Gaby Lapera: Can you give our listeners a little bit of background on what has happened to bank stocks since Brexit?

John Maxfield: Bank stocks, we kind of touched on this at the beginning, the S&P 500 now's something like 5%-6%, the FTSE is down something like the same amount, since the Brexit vote, but bank stocks are down twice if not a little bit more than that. The KBW Bank Index, again, this tracks the 24 large-cap banks in the United States. It's down 11.2% since then, since the closing price on -- I think last Thursday -- which we learned the results of Brexit, Thursday after trading hours had closed. It's down by 11.2%, Bank of America (BAC) is down 12%. They're being hit roughly twice as hard as stocks in general.

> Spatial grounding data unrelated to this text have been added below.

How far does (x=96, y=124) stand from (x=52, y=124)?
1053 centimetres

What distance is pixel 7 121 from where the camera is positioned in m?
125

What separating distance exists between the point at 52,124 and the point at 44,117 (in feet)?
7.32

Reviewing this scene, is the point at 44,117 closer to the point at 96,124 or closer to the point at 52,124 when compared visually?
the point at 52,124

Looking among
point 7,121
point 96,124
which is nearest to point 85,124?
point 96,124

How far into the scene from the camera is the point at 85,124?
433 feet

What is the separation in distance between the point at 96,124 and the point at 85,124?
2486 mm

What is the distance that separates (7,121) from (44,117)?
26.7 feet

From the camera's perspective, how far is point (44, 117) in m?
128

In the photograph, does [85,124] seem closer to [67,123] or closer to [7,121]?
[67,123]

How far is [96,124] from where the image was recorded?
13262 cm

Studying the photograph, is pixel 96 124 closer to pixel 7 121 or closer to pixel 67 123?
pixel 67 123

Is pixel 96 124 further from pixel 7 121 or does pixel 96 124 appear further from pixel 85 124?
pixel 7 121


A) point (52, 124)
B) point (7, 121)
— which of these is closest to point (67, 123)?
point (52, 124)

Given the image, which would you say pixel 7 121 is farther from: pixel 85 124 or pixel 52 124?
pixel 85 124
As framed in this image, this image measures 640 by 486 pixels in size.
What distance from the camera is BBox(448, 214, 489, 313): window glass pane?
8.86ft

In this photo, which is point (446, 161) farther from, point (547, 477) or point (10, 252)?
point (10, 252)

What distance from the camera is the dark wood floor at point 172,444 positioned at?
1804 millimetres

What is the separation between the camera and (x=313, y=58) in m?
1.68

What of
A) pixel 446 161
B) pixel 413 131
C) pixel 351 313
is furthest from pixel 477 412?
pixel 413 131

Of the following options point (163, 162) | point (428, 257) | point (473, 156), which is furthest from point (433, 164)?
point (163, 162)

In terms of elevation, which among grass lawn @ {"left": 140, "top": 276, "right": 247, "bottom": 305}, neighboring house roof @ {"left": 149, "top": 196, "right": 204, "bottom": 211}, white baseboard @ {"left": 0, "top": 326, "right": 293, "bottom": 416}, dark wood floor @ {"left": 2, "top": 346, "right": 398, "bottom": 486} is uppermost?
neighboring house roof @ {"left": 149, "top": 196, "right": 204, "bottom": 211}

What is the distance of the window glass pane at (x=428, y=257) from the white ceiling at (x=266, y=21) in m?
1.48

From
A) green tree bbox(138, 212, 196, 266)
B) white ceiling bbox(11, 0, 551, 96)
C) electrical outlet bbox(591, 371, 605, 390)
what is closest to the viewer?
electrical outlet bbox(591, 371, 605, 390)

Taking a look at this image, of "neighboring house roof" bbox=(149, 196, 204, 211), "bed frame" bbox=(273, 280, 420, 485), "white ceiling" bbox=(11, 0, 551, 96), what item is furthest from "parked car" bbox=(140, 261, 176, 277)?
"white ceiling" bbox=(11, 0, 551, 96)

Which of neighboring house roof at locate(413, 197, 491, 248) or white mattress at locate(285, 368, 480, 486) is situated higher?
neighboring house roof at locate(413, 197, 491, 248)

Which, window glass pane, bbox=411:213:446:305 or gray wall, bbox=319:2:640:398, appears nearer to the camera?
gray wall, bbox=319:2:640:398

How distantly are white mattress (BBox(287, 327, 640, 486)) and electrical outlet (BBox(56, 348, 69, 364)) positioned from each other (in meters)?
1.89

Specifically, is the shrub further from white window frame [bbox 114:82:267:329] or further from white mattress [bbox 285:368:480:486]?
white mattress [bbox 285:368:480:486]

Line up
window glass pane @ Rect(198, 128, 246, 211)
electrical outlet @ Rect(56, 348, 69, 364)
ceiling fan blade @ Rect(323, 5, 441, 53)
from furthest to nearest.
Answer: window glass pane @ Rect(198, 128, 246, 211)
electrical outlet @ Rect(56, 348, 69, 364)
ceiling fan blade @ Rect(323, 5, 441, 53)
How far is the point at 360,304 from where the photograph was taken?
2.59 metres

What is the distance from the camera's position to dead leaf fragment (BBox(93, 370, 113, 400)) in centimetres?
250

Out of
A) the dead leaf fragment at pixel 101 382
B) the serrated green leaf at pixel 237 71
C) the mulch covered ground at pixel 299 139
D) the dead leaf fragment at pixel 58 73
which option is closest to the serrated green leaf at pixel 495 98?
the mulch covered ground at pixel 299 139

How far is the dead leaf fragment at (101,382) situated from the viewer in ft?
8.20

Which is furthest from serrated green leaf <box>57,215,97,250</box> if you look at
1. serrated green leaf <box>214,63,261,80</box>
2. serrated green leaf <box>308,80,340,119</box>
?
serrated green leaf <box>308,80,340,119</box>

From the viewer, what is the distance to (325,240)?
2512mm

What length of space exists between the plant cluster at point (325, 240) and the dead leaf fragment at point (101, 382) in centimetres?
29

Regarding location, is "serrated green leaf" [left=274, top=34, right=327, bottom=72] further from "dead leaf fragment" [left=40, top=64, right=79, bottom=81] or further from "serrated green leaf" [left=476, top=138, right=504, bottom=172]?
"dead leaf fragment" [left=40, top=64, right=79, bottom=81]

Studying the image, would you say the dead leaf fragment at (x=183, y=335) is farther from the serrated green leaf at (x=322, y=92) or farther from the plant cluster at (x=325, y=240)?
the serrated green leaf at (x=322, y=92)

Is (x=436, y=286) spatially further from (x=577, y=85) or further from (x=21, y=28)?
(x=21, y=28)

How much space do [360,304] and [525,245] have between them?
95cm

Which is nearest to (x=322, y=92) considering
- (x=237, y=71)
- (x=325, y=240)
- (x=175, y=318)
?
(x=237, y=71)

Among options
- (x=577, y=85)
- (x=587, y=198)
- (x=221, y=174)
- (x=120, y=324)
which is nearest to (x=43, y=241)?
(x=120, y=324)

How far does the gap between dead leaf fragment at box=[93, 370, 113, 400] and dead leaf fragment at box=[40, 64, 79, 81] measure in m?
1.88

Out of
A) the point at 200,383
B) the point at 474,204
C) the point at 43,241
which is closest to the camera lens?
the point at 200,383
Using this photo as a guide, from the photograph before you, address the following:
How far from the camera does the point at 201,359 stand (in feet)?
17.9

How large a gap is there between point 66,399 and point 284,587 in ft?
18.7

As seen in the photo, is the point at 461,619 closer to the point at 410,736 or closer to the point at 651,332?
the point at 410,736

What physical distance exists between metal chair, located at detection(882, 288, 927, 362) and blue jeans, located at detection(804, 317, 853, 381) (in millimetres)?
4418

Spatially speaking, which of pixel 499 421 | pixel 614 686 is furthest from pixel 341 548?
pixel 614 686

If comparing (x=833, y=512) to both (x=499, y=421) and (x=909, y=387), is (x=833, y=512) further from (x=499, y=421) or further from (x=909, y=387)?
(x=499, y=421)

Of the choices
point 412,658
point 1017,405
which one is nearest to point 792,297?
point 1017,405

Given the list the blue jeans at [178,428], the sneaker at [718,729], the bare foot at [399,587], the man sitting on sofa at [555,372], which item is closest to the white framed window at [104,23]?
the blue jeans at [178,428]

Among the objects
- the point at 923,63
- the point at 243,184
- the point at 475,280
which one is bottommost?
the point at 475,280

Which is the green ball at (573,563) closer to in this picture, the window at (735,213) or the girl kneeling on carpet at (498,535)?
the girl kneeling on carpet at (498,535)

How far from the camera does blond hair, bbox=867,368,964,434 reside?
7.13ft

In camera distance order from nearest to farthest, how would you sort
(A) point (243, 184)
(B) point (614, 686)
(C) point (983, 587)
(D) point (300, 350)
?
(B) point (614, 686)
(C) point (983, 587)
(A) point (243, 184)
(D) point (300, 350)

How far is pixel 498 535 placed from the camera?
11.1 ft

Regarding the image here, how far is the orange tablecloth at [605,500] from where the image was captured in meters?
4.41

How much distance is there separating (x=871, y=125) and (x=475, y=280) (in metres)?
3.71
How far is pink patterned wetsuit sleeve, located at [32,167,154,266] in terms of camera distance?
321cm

Lapera: Yeah. You might be asking yourself why. There's a bunch of reasons why. Partially it's just that the financial system is so global and interconnected now that what happens in Great Britain unfortunately has a pretty big impact on what happens here in terms of our banking.

Maxfield: That's exactly right. If you look at the reason they're being hit hard, banks are being hit hard, let's just go through it. There's four or five. The first is that this uncertainty in the global economy is causing volatility in the asset market, so debt and equity markets. This volatility is causing trading revenue and investment banking fees to fall at the major universal banks. That's the first thing.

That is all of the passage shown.